When author Tim Ferriss decided to bypass traditional publishers and release The 4-Hour Chef with Amazon, Barnes & Noble refused to carry the title — eating into the cookbook’s sales. But Ferris told thenextweb.com he would publish with Amazon again, explaining, “I’m not anti-bookstore, I’m pro-reader.” For Ferriss, it came down to Amazon’s ability to give him the data on his customers — who they are, where they’re from, the kinds of books they buy, etc:
The reason I chose to go with Amazon was because I developed a relationship with them over time because of the volume of sales I was pushing through Amazon for the first two books. …Random House, Simon & Schuster, these traditional publishers sell to the head category buyers at a Barnes & Noble or Books-A-Million. They do not know their end users, they have no data about their end users, nor do they have any way to communicate with their end users. Amazon, in many ways I would say, knows me better than I know myself just based on my Amazon Prime purchasing behavior as well as what I refer people to through my blog, which they can track of course.

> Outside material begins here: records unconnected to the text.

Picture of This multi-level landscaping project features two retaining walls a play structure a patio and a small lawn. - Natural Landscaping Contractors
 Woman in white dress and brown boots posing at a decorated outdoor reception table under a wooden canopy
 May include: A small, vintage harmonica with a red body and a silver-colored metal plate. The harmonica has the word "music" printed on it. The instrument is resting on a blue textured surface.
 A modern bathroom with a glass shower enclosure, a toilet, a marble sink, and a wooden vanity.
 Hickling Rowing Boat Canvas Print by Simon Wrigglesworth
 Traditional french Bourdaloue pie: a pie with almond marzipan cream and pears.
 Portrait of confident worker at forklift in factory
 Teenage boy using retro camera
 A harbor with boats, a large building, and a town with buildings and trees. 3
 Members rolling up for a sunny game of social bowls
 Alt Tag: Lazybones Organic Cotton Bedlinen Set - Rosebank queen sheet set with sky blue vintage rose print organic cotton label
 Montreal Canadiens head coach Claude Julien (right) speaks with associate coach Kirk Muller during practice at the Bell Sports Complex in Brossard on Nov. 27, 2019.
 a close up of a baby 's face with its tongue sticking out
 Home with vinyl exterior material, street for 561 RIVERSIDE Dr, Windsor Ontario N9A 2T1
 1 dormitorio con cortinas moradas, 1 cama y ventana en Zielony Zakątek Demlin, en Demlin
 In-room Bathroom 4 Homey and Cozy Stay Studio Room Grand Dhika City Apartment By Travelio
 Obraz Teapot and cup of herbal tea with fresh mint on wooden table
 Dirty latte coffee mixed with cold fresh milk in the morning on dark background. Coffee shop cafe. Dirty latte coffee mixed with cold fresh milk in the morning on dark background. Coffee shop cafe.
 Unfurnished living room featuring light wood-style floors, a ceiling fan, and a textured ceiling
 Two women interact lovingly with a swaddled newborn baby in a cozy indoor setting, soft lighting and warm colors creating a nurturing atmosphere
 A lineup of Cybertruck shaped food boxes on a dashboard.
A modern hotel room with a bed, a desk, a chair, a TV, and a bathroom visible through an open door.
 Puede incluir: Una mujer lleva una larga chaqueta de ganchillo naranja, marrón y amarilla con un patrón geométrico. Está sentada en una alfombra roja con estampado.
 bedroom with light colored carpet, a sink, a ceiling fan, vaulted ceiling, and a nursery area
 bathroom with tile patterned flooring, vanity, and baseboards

For readers, Amazon‘s leg up over bookstores has come down to convenience; and for writers, Amazon has made itself attractive by offering a level of transparency publishers have only recently begun to emulate with Author Portals that reveal real-time sales. That said, as Ferriss’ example shows, there either needs to be cooperation among Amazon, B&N, and the publishers; or they need to learn from each other to better compete.